Task item → Output range, inclusive: from the line containing "Fiat Tipo Station" to the line containing "Дамско колие с". Restate those lines from the data below word for word and only those.

Input records →
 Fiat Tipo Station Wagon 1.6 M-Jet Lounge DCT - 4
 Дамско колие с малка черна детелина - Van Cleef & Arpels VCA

* * *

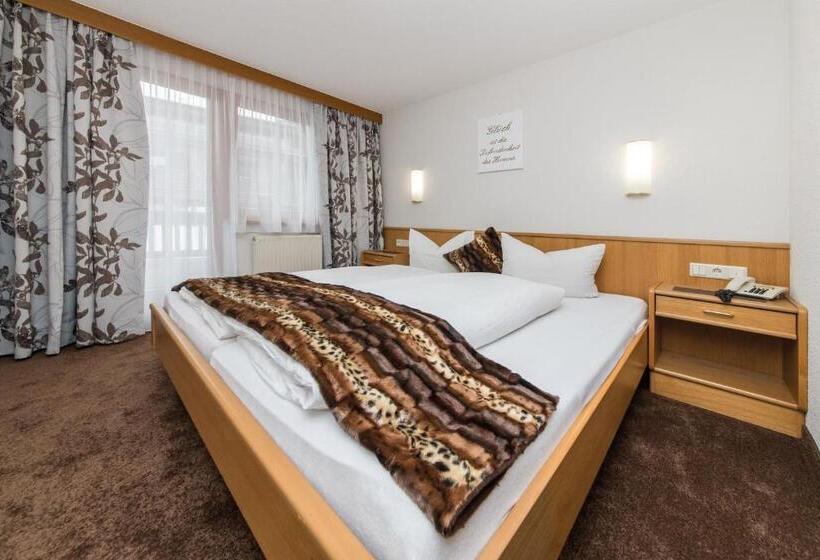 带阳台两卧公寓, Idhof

Solution to the exercise →
 Fiat Tipo Station Wagon 1.6 M-Jet Lounge DCT - 4
 Дамско колие с малка черна детелина - Van Cleef & Arpels VCA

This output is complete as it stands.